*Data excerpts*
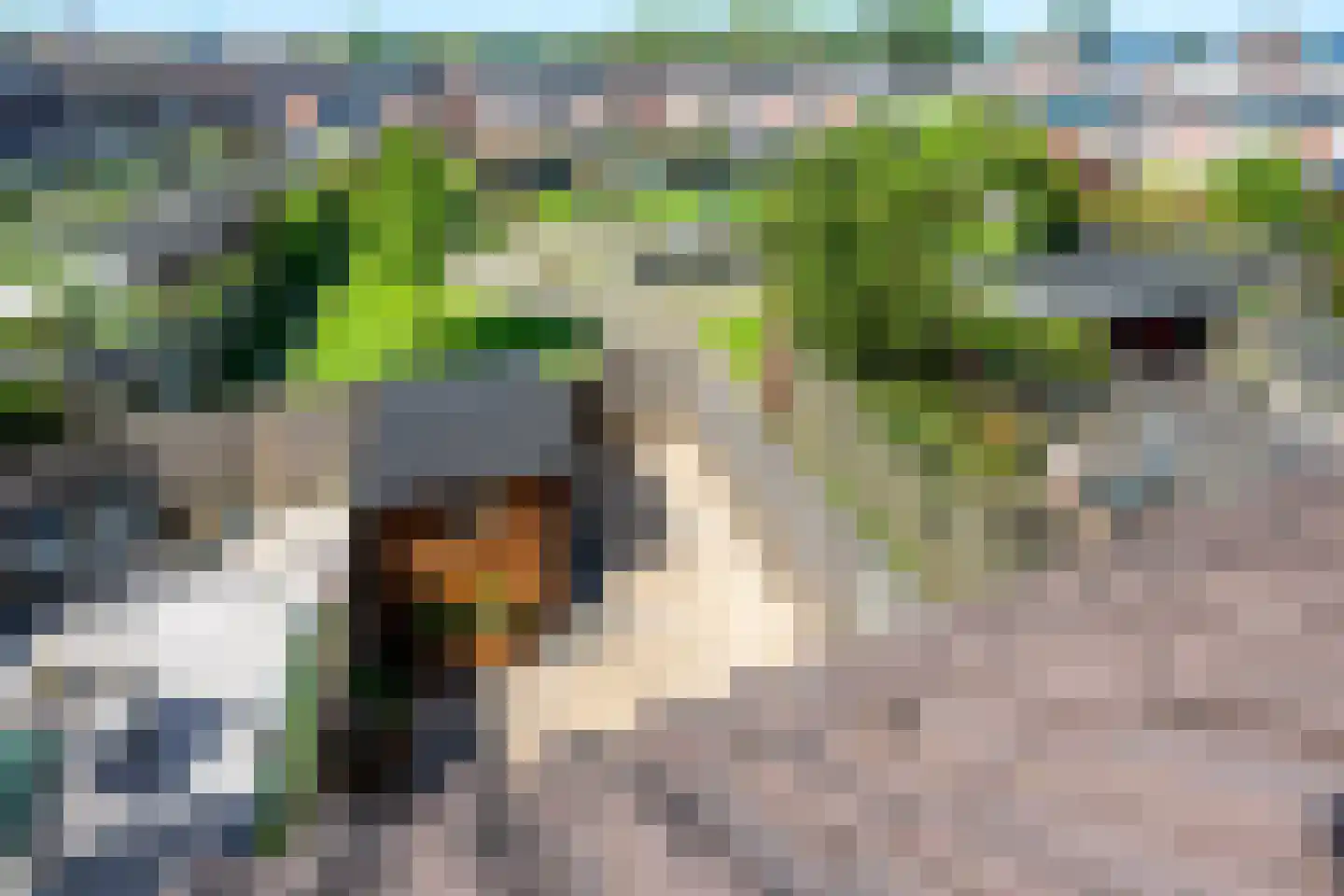 Reeweide 4 Nieuwegein thumbnail 41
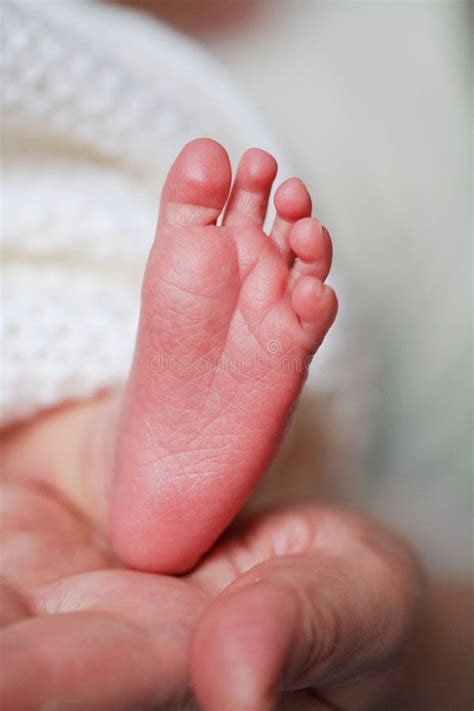Adorable Newborn Baby Feet Stock Photo Image Of Vulnerable 13848486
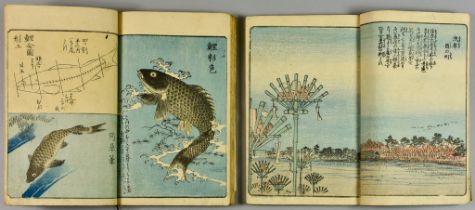 19th Century Japanese School - Coloured woodcuts - Two small volumes of woodcuts of landscapes,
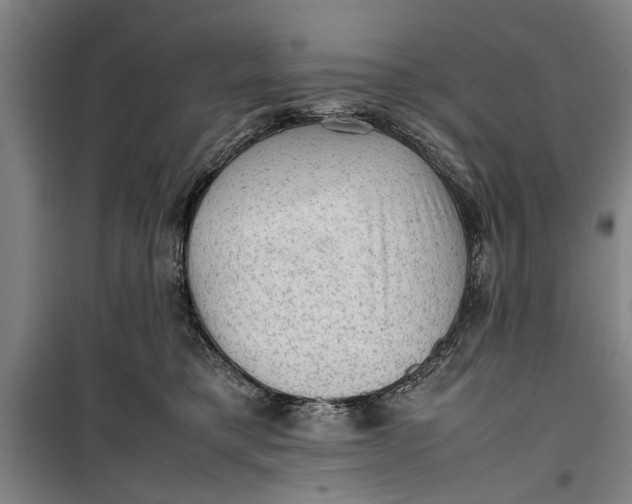 X0000099410421200805301350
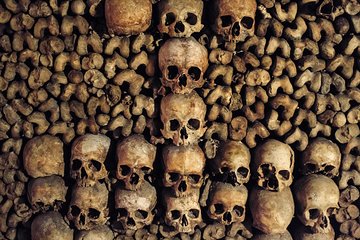  Skip-the-Line Paris Catacombs Special Access Tour
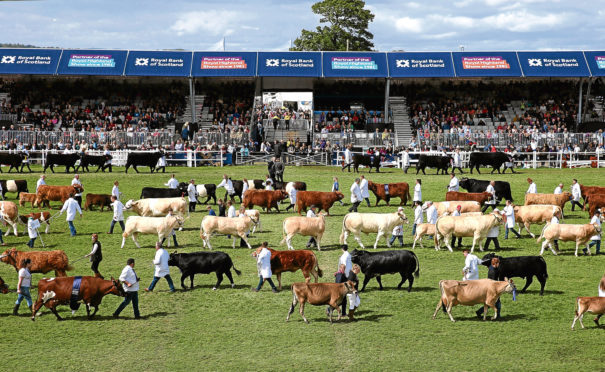 Livestock entries are up across the board.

*Task requirements*
Write down all the entries exactly, but not the pictures they hold.

*Response box*
 Reeweide 4 Nieuwegein thumbnail 41
Adorable Newborn Baby Feet Stock Photo Image Of Vulnerable 13848486
 19th Century Japanese School - Coloured woodcuts - Two small volumes of woodcuts of landscapes,
 X0000099410421200805301350
  Skip-the-Line Paris Catacombs Special Access Tour
 Livestock entries are up across the board.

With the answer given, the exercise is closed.